Write out every record exactly as it appears. Skip the pictures.

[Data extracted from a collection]
--------------------------------

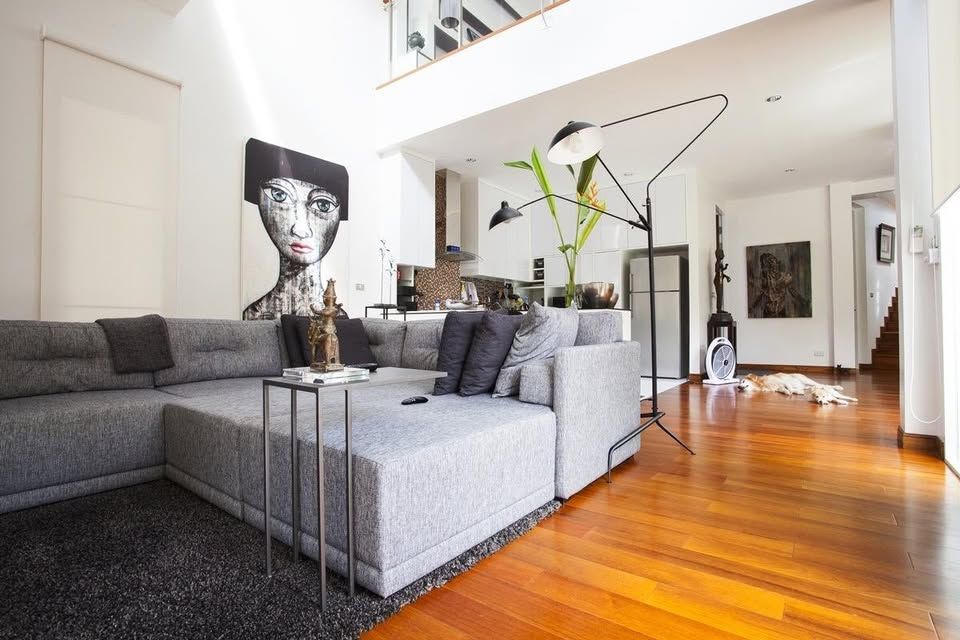 uploads/224782b1-cf00-4933-b11b-a670474fdf77/05116fcc-f0b6-4b58-95a2-870517d73f80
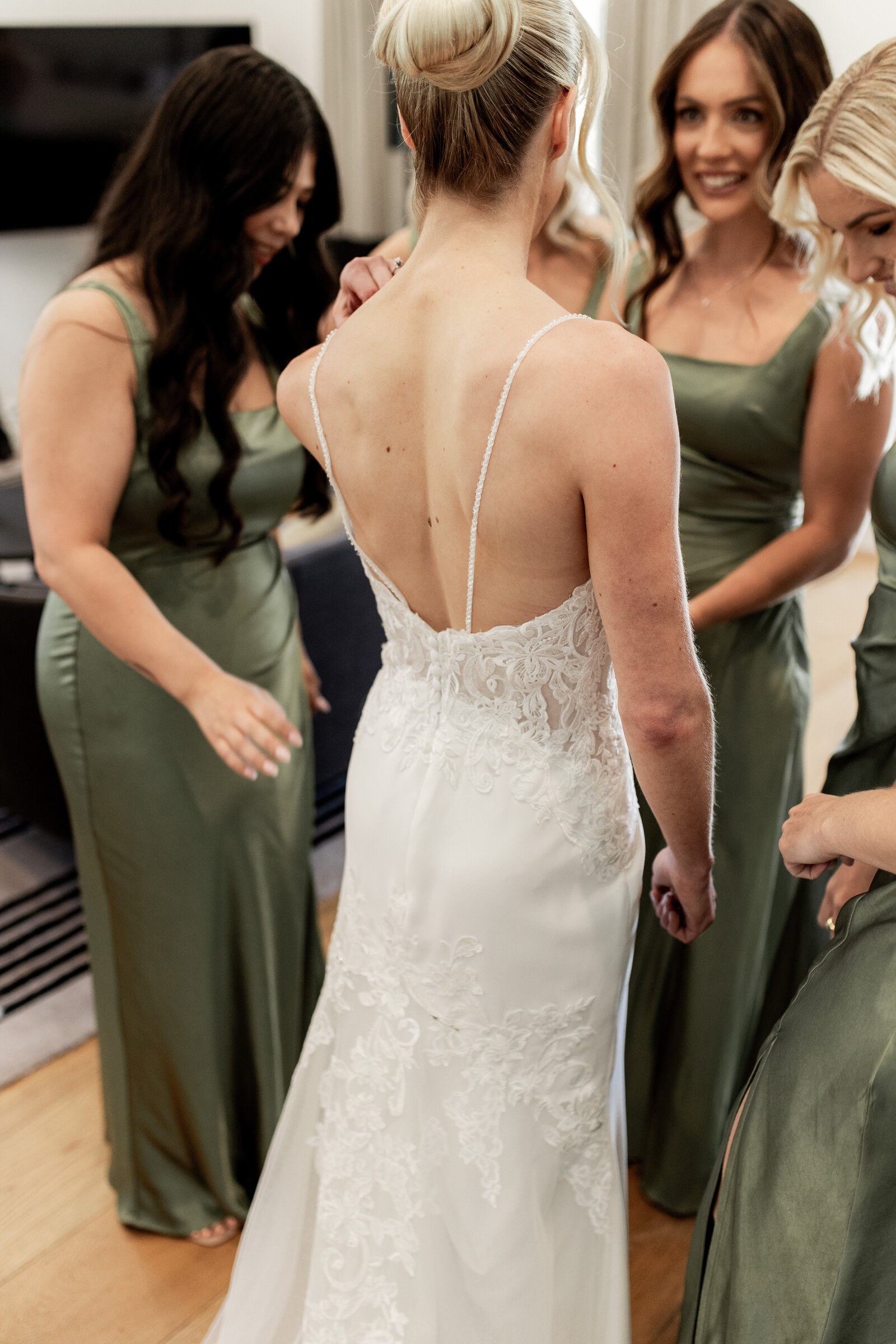 250308-Sophie-Matthew-Rexvil-Photography-Adelaide-Wedding-Photographer-146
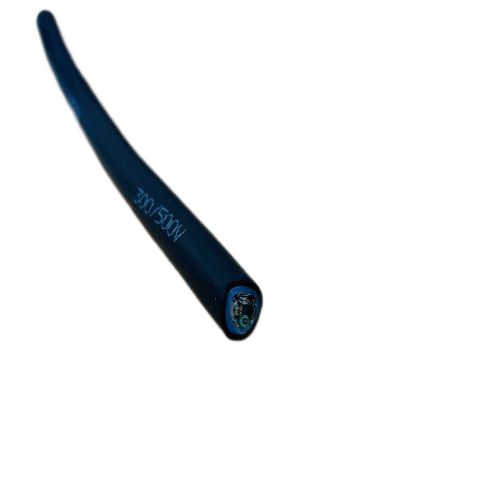 茄子产精国品免费入口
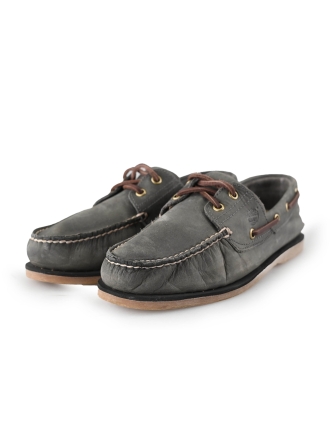 Timberland Bootsschuhe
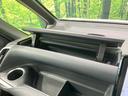 ハイブリッドＳ－Ｚ　純正１０．５型ディスプレイ　セーフティセンス　後席シートヒーター　デジタルインナーミラー　ヘッドアップディスプレイ　パノラミックビューモニター　ユニバーサルサイドステップ　純正１７インチＡＷ　禁煙車（45枚目）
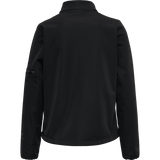 Hummel Women's North Softshell Jacket 206686-2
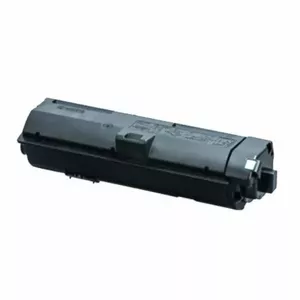 Toner KYOCERA TK-1150 Compatible Cartridge 3000 pages Black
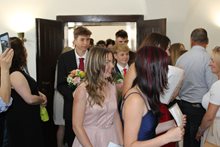IMG_2480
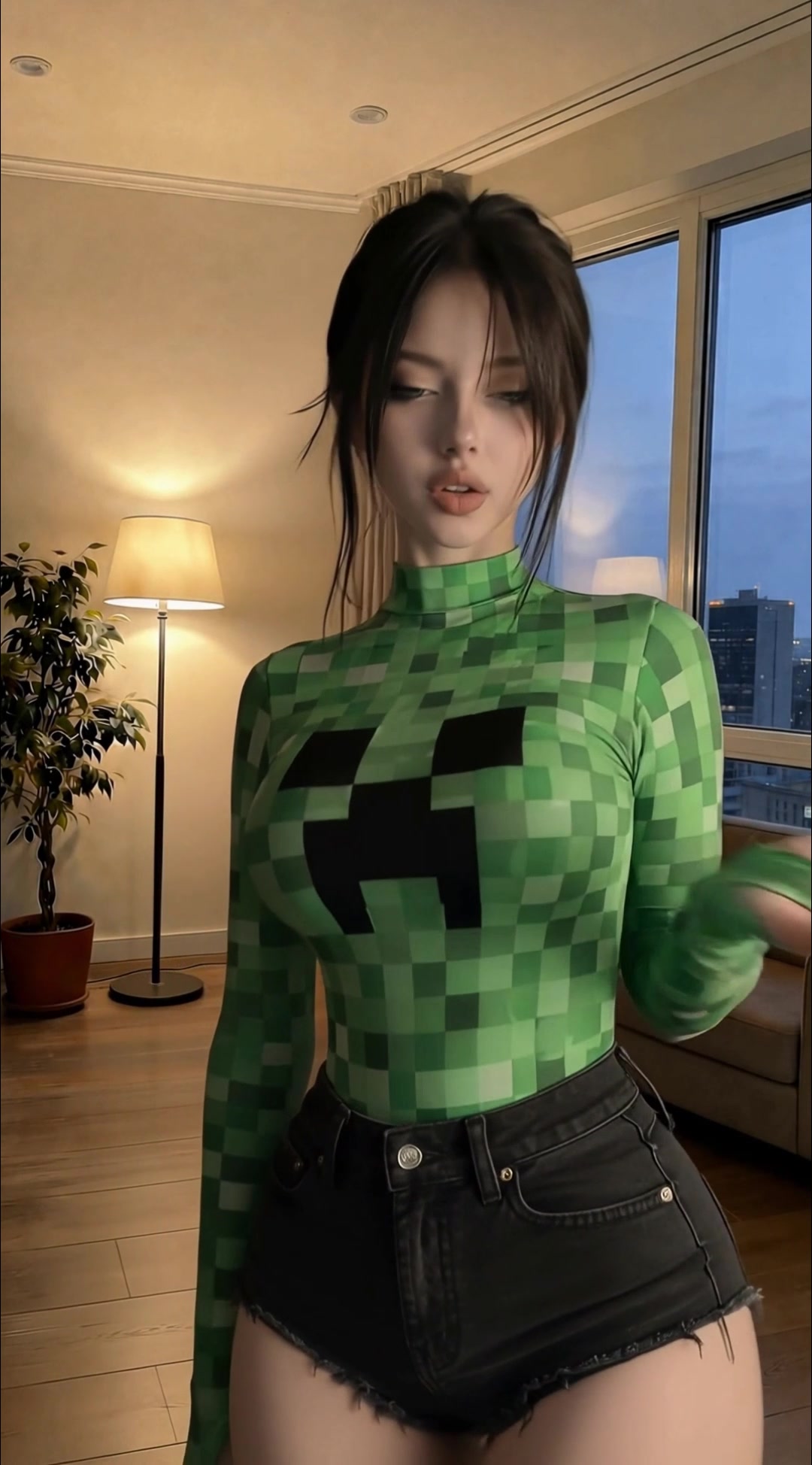 @Kira<3
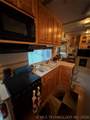 0 Windjammer Road - Photo 18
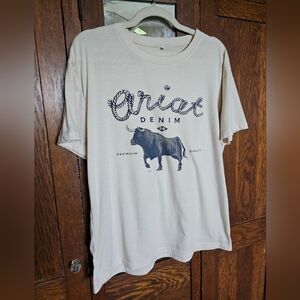 SEPARATE LISTING FOR WESTERN SHIRT BUNDLE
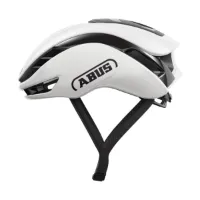 ABUS Gamechanger 2.0 Helm ABUS Gamechanger 2.0 Helm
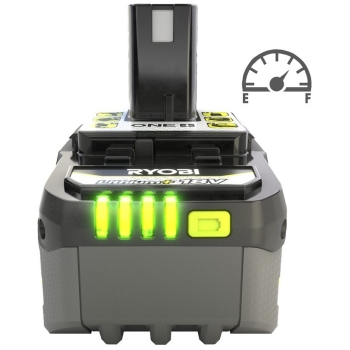 Ryobi RB1840X 18V 4.0Ah Akku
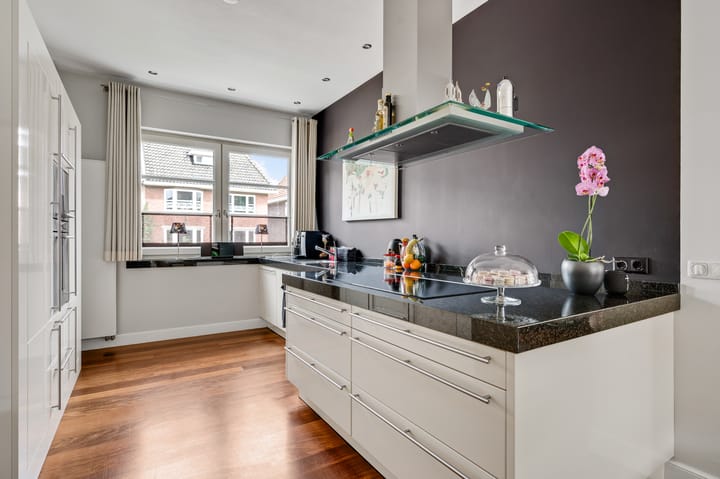 Foto 3 van Stationsstraat 34-A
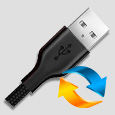 Data Recovery Software for USB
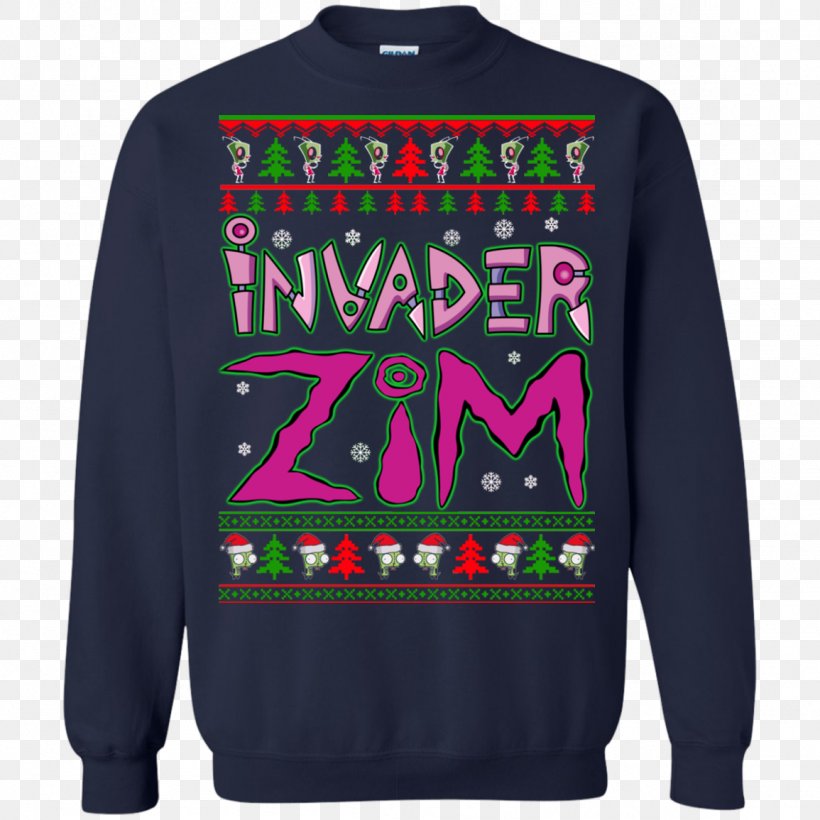 T-shirt Hoodie Sweater Christmas Jumper, PNG, 1155x1155px, Tshirt, Adidas, Bluza, Brand, Christmas Jumper Download Free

--------------------------------

**Result for this task**
 uploads/224782b1-cf00-4933-b11b-a670474fdf77/05116fcc-f0b6-4b58-95a2-870517d73f80
 250308-Sophie-Matthew-Rexvil-Photography-Adelaide-Wedding-Photographer-146
 茄子产精国品免费入口
 Timberland Bootsschuhe
 ハイブリッドＳ－Ｚ　純正１０．５型ディスプレイ　セーフティセンス　後席シートヒーター　デジタルインナーミラー　ヘッドアップディスプレイ　パノラミックビューモニター　ユニバーサルサイドステップ　純正１７インチＡＷ　禁煙車（45枚目）
 Hummel Women's North Softshell Jacket 206686-2
 Toner KYOCERA TK-1150 Compatible Cartridge 3000 pages Black
IMG_2480
 @Kira<3
 0 Windjammer Road - Photo 18
 SEPARATE LISTING FOR WESTERN SHIRT BUNDLE
 ABUS Gamechanger 2.0 Helm ABUS Gamechanger 2.0 Helm
 Ryobi RB1840X 18V 4.0Ah Akku
 Foto 3 van Stationsstraat 34-A
 Data Recovery Software for USB
 T-shirt Hoodie Sweater Christmas Jumper, PNG, 1155x1155px, Tshirt, Adidas, Bluza, Brand, Christmas Jumper Download Free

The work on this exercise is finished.